# TASK INSTRUCTIONS
Of the lines in the data below, write out exactly those from the one holding "Navy-Blue - Lifestyle" through the one holding "AR license plate 469LBA", both included.

# DATASET
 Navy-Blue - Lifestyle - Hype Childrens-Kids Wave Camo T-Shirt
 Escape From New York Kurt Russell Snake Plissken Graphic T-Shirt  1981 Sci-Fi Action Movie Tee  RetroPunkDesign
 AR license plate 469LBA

==

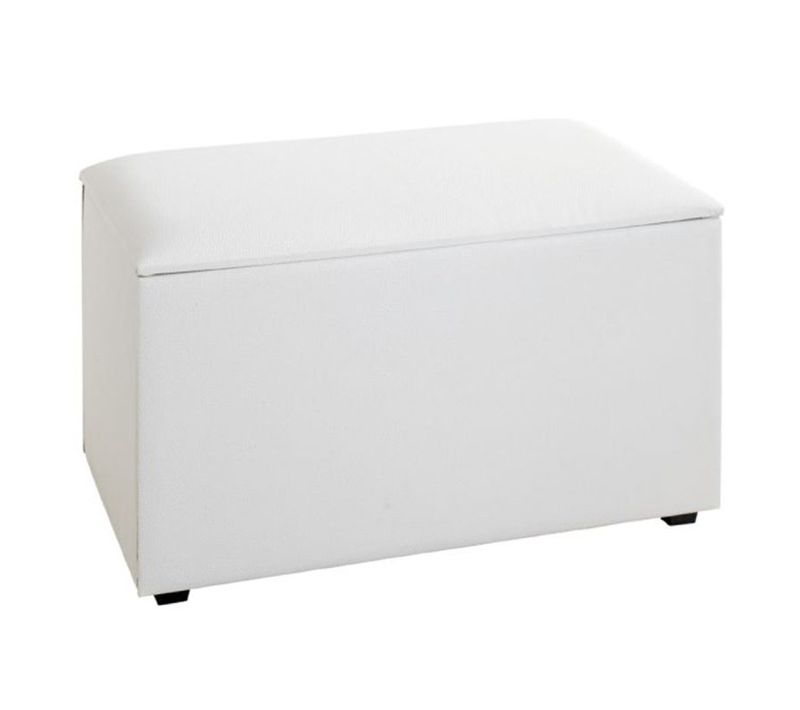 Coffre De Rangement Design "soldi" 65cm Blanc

# OUTPUT FOR THIS TASK
 Navy-Blue - Lifestyle - Hype Childrens-Kids Wave Camo T-Shirt
 Escape From New York Kurt Russell Snake Plissken Graphic T-Shirt  1981 Sci-Fi Action Movie Tee  RetroPunkDesign
 AR license plate 469LBA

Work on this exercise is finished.